The more you finance, the higher your monthly mortgage payments might be. While it’s understandable to increase the payments by a set amount when financing mortgage insurance, it is just as important to consider (ahead of time) how that increased payment will realistically affect your bottom line.
And it’s not just a matter of having enough room in your budget to pay the mortgage each month. It’s just as important to plan for your life's circumstances when the unexpected gets in the way.
When some borrowers encounter an unexpected expense, they may feel tempted to skip a mortgage payment “just this once.” But skipping a payment isn’t a great strategy. Why?
Consider what the government watchdog agency, the Consumer Financial Protection Bureau (CFPB) says about missing mortgage payments:
“It’s important to always pay your mortgage on time. Your payment is due on the 1st of every month. If your payment is late, your servicer may charge you a late fee and attempt to contact you. The good news is that you have until the 15th of the month to make your payment before a late fee is charged.”

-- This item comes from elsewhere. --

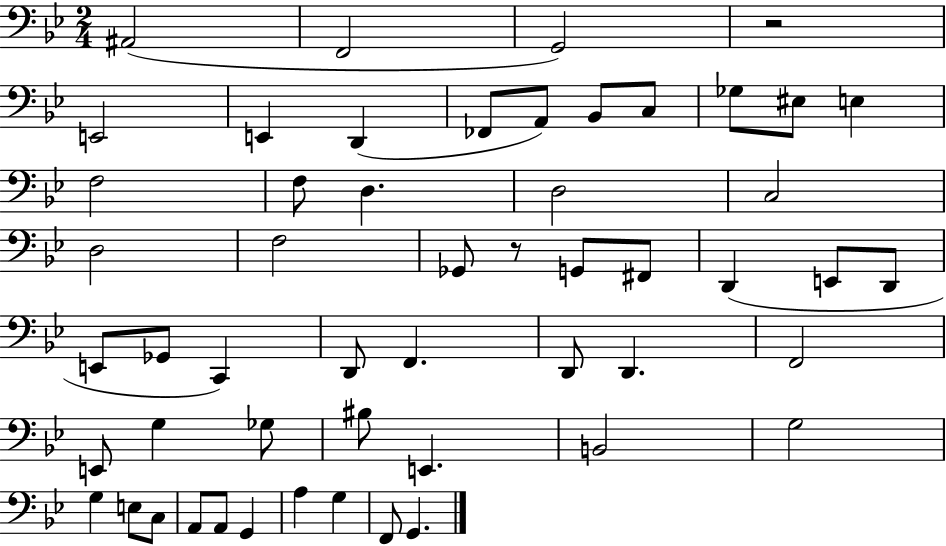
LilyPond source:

Skipping that payment deadline can cost you more than you realize. Late fees and the potential damage to your credit are just the beginning.
Some can pay before the 15th. Ideally, if you miss the 1st of the month deadline, it is smart to pay as soon as possible and move on. But for those who do not pay by the middle of the month?
“A late fee can be charged for each month that you miss a payment. Additional fees can also be charged if you go into default (more than 30 days late).”
Any missed payment on your FHA mortgage means it is past due, and according to CFPB, when your mortgage goes beyond 30 days past due, it can be negatively reported to the credit bureaus.
“A single late or missed payment on your credit report can reduce your credit score.”
That won’t help some borrowers who decide to refinance or seek other forms of credit later on, so it’s best to consider your monthly budget long before committing to the mortgage.
To cut your upfront expenses, consider applying for a local down payment assistance program, paying for more items in cash on closing day, and even making a larger down payment than the required minimum.